Con un week-end residenziale alla Casa della Carità parte il nuovo modello formativo che fa seguito all’esperienza di «Date a Cesare». Lo scopo è dare strumenti per leggere oggi la città e discernere il nostro tempo
di Walter MAGNONI
Responsabile della Pastorale sociale e del lavoro
In Italia esistono svariate scuole di formazione socio-politica per i giovani. Per metodo e contenuti sono tra loro molto diverse: alcune puntano su contenuti narrati da docenti affermati o testimoni significativi; altre cercano di coinvolgere a una partecipazione attiva; altre ancora provano a dare strumenti per una buona amministrazione.
Nell’Arcidiocesi di Milano abbiamo sperimentato la cosiddetta scuola «Date a Cesare», iniziata nel 2008, che ha formato molti giovani: alcuni di loro coprono oggi ruoli di pubblici amministratori. È stato un percorso ricco d’iniziative, che s’è avvalso del lavoro prezioso di volontari appassionati e competenti che hanno aiutato a pensare i passi da compiere. Credo che uno dei ricordi più belli di quella esperienza sia stato vedere persone tra loro molto diverse lavorare insieme per il bene comune.
Nell’ultimo anno, anche grazie a una riflessione condotta con l’ausilio della Fondazione Lazzati, abbiamo capito che era giunto il momento di pensare un nuovo tipo di formazione, per rispondere in maniera più adeguata agli interrogativi di questo tempo. Con padre Giacomo Costa e Silvia Landra abbiamo quindi iniziato a ragionare per mesi su come far vivere un’esperienza “politica” a un gruppo di giovani. Obiettivo primario che ci siamo posti è quello di favorire l’esperienza d’incontro con una realtà del territorio in grado d’istruire alcune domande di fondo concernenti il nostro tempo. Solo in un secondo momento ci sarà spazio per un’elaborazione teorica del vissuto, facendo intrecciare tra loro fede e vita.

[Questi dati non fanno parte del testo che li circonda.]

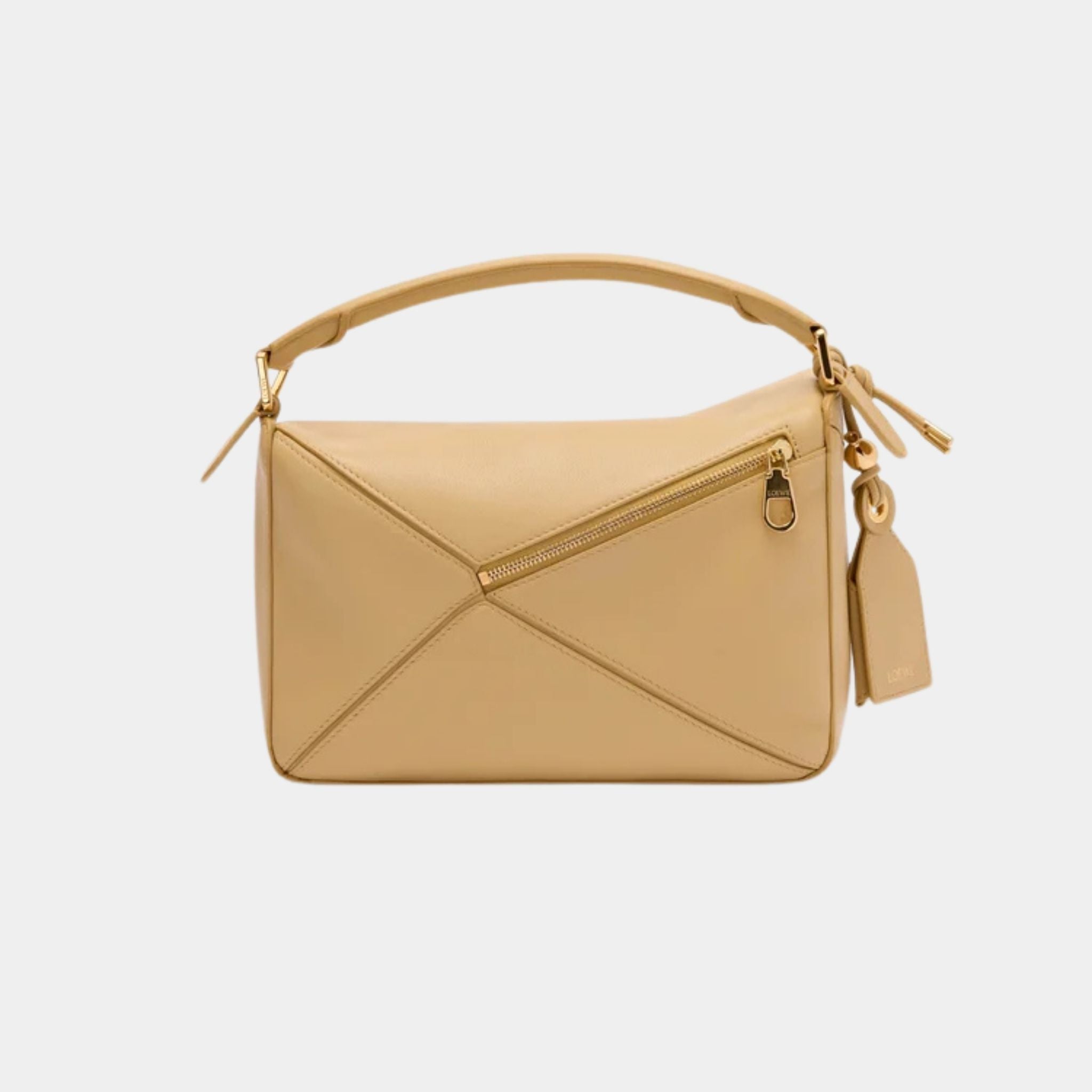 Loewe Small Featherlight Puzzle Bag In Nappa Lambskin, Dark Butter, Back
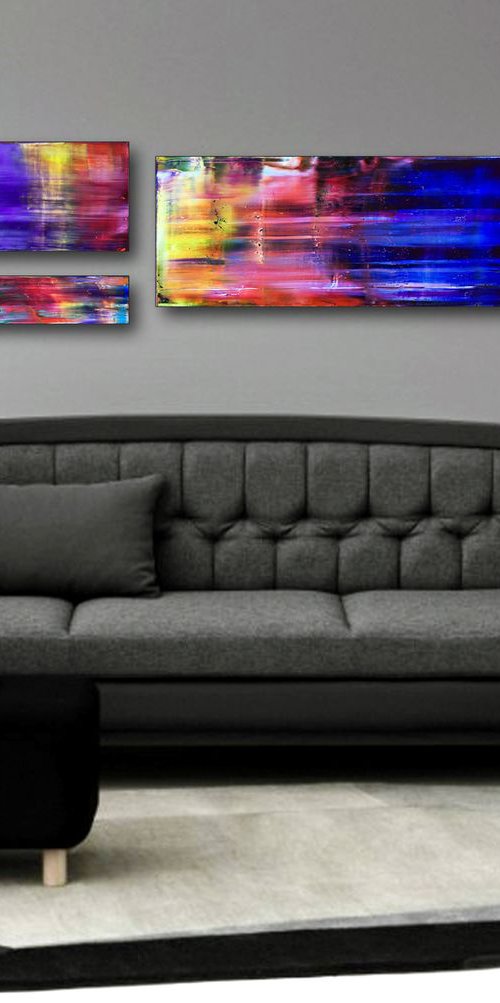"Beautiful Velocity" - FREE USA SHIPPING - Original PMS Abstract Triptych Oil Paintings On Wood - 42" x 12" by Preston M. Smith (PMS)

La Casa della Carità – istituzione voluta dal cardinale Carlo Maria Martini per accogliere i più poveri – è stata individuata come il luogo ideale dove attuare questo tipo di percorso. Questo ambiente permette infatti di realizzare una residenzialità sobria e a contatto con la vita di persone che provano a ripartire dopo momenti di fatica. Punto prospettico col quale iniziare il percorso di formazione sarà una problematica sociale che ha ricadute sulla politica: la salute mentale dentro il contesto della «cultura dello scarto» e della «globalizzazione dell’indifferenza».
I tempi ipotizzati sono di circa tre mesi e avranno due tappe residenziali – dal venerdì alla domenica: il primo è in programma dal 30 settembre al 2 ottobre (vedi allegato) – rivolte a un numero massimo di trenta giovani. Lo scopo è quello di dare strumenti per leggere oggi la città e saper discernere il nostro tempo. La domanda che guida il percorso è: come abitare davvero da cristiani la città?
Tra le due tappe è prevista una giornata dove ripensare al lavoro svolto e organizzare il secondo step. Nel frattempo i partecipanti saranno chiamati a leggere testi e a confrontarsi in piccoli gruppi per adempiere un mandato che verrà consegnato alla fine della prima tappa.
Per una buona riuscita è richiesta la presenza costante di una équipe formativa che accompagni i processi, oltre che di testimoni qualificati capaci di stimolare azioni. Alla fine del percorso sarà fondamentale predisporre un momento di verifica nel quale ascoltare cosa è accaduto ai partecipanti e ipotizzare come proseguire il processo di vita di ciascuno.
I riferimenti bibliografici indispensabili di questa esperienza saranno l’enciclica Laudato si’ e l’esortazione apostolica Evangelii gaudium.
Nel percorso si alterneranno momenti di ascolto della realtà, di silenzio, di confronto a gruppi e condivisione tra tutti. Un elemento importante sarà il discernimento, e per questo ci si avvarrà di qualche elemento della sapienza ignaziana. La preghiera infatti non è orpello, ma parte integrante del cammino. Formare la coscienza vale più di tanti strumenti tecnici.